Wal-Mart Stores and McDonald’s are among the companies that plan to raise minimum pay this year, but those hikes don’t necessarily reflect a broader trend, according to Bank of America Merrill Lynch.
McDonald’s is raising minimum wage by about 10 percent at the 1,500 restaurants directly owned by the parent company. Those outlets employ about 90,000 workers, while the 750,000 people who work for franchises aren’t included in the pay hike.
“Unfortunately, this wage ‘supersizing’ looks a lot less impressive on closer inspection,” Ethan Harris, global economist at Bank of America Merrill Lynch, said in
an April 2 report obtained by Newsmax Finance. “Clearly the direct impact on average wages is low.”
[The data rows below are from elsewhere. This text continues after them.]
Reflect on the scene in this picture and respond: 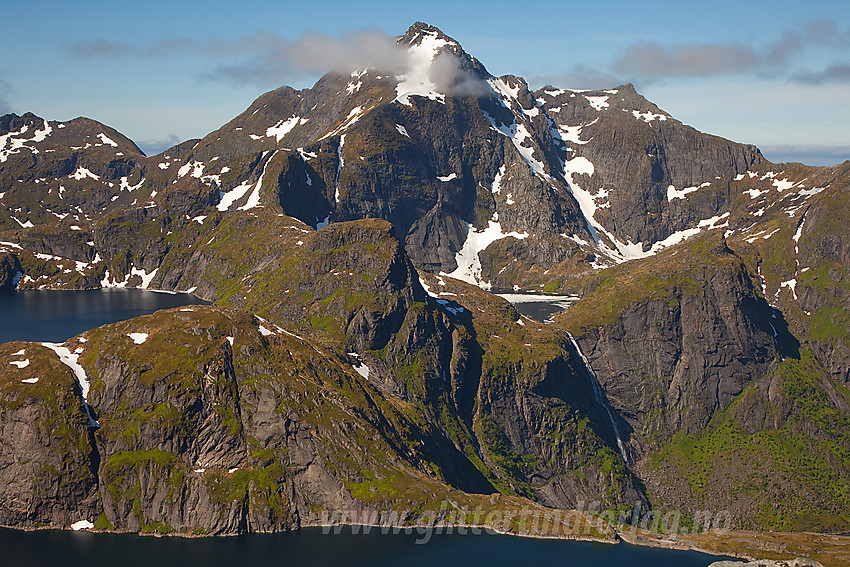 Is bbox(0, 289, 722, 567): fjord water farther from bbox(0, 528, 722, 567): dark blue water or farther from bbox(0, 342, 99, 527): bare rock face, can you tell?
bbox(0, 342, 99, 527): bare rock face

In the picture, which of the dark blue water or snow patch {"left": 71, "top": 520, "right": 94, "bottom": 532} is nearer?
the dark blue water

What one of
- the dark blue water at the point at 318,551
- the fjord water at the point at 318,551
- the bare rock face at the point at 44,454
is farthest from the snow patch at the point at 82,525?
the dark blue water at the point at 318,551

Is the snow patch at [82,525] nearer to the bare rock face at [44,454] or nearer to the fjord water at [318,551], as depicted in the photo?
the bare rock face at [44,454]

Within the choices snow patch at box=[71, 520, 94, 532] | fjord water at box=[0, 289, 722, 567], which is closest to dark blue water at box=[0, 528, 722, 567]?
fjord water at box=[0, 289, 722, 567]

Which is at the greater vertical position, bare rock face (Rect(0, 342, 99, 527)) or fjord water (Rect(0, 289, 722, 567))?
bare rock face (Rect(0, 342, 99, 527))

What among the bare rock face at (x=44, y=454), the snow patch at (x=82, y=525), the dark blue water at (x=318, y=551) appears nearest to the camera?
the dark blue water at (x=318, y=551)

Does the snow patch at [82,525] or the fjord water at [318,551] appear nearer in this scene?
the fjord water at [318,551]

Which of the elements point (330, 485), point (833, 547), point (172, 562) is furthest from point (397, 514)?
point (833, 547)

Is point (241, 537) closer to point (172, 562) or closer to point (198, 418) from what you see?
point (172, 562) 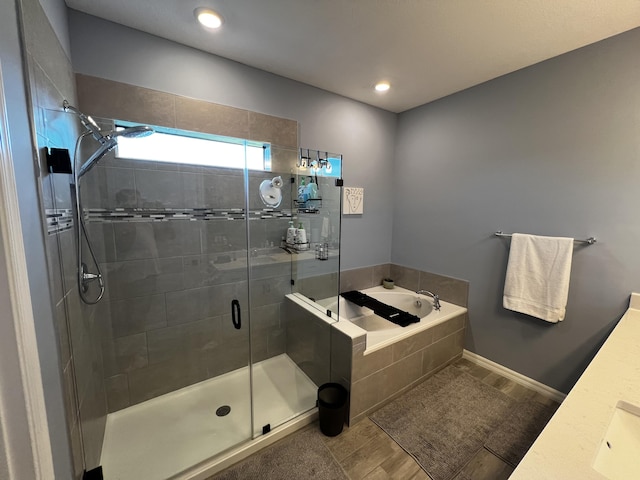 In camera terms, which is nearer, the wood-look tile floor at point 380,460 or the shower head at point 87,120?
the shower head at point 87,120

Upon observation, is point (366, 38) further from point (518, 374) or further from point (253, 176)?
point (518, 374)

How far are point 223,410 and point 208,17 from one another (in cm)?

The wage hikes at McDonald’s and Wal-Mart need to be understood in the context of a broader trend in the retail and leisure industries, whose pay growth exceeds the 2 percent gain for the overall economy. Assuming all 90,000 McDonald’s employees get a raise and no one else, the average increase for all workers only comes to 1.1 percent, Harris said.
He said the best measure of broader wage trends is the employment cost index, which is now rising 2.3 a year. That’s better than the 2 percent average for the past five years.
Goods-producing industries are weighing on growth in pay, Harris said. The mining industry, which includes oil drilling, is being pressured by the crash in oil prices since last summer. The strong dollar may be taking a toll on the manufacturing industry as U.S. goods become more expensive for foreign buyers.
“History shows that wages respond very slowly to a tight labor market,” Harris said. “In the last three periods of tight labor markets, wage growth accelerated only a few tenths [of a percent] per year.”
Employers added only 126,000 jobs in March, the fewest since December 2013,
according to the Associated Press. That reading snapped a streak of 12 straight months of gains above 200,000.
The Labor Department said the unemployment rate held steady at 5.5 percent, according to the newswire.
Factories cut 1,000 workers, ending a 19-month hiring streak, while construction jobs fell by 1,000, the first drop in 15 months. The mining industry shed 11,000 jobs as energy companies cut back on drilling.